--- Task to carry out ---
Return only the lines running from the top of the entries to the line with "Leziane, vice Rafael, primeira-dama", inclusive, exactly as written.

--- Record excerpts ---
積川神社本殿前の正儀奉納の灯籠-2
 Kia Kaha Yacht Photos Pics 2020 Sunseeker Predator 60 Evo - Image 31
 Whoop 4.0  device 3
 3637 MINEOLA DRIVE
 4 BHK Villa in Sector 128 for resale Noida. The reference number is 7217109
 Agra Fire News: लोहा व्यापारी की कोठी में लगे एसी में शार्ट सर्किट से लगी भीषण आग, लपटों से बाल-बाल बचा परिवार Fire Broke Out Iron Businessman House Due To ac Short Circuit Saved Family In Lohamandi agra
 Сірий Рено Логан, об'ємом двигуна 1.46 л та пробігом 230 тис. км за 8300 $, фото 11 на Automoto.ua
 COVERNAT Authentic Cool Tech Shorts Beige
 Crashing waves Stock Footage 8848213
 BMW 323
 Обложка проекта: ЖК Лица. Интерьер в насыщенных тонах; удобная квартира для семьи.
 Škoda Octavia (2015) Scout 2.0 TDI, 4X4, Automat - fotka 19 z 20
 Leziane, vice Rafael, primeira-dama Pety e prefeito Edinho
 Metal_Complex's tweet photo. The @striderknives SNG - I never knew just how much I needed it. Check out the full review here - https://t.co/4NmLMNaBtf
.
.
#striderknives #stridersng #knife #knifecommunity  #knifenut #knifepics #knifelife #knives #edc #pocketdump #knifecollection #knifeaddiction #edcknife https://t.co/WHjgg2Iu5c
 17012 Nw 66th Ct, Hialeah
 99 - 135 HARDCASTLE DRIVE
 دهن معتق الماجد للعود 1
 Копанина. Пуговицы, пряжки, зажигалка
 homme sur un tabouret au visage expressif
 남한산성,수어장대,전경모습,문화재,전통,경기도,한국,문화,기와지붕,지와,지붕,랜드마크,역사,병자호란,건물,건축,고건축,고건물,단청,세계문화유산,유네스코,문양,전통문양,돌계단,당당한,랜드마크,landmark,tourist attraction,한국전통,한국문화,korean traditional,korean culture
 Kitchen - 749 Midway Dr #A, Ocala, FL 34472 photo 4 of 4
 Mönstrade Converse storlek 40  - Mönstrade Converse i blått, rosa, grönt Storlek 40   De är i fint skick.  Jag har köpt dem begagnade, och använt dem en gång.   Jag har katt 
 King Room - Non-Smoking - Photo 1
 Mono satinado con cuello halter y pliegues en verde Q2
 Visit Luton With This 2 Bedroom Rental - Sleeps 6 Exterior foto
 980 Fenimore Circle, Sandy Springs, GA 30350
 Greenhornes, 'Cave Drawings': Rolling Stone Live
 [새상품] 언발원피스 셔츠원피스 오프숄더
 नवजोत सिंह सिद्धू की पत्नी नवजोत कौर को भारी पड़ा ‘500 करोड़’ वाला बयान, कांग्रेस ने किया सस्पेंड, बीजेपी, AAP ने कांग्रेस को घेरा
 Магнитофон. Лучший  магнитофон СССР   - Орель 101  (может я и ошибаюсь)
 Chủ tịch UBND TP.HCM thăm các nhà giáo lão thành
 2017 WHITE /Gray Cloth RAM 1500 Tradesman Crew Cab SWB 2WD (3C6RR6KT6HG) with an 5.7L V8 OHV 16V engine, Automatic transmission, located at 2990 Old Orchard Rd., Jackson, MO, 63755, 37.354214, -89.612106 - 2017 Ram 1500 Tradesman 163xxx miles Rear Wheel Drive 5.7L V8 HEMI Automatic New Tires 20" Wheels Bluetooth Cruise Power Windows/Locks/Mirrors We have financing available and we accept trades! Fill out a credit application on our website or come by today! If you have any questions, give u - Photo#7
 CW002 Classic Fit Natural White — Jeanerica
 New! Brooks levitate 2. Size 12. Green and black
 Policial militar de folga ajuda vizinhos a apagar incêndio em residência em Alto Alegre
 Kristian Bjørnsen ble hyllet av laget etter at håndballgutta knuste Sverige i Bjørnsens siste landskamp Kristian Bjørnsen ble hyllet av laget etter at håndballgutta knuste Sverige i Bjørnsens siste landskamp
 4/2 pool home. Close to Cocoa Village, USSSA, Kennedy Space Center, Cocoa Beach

--- Response for this exercise ---
積川神社本殿前の正儀奉納の灯籠-2
 Kia Kaha Yacht Photos Pics 2020 Sunseeker Predator 60 Evo - Image 31
 Whoop 4.0  device 3
 3637 MINEOLA DRIVE
 4 BHK Villa in Sector 128 for resale Noida. The reference number is 7217109
 Agra Fire News: लोहा व्यापारी की कोठी में लगे एसी में शार्ट सर्किट से लगी भीषण आग, लपटों से बाल-बाल बचा परिवार Fire Broke Out Iron Businessman House Due To ac Short Circuit Saved Family In Lohamandi agra
 Сірий Рено Логан, об'ємом двигуна 1.46 л та пробігом 230 тис. км за 8300 $, фото 11 на Automoto.ua
 COVERNAT Authentic Cool Tech Shorts Beige
 Crashing waves Stock Footage 8848213
 BMW 323
 Обложка проекта: ЖК Лица. Интерьер в насыщенных тонах; удобная квартира для семьи.
 Škoda Octavia (2015) Scout 2.0 TDI, 4X4, Automat - fotka 19 z 20
 Leziane, vice Rafael, primeira-dama Pety e prefeito Edinho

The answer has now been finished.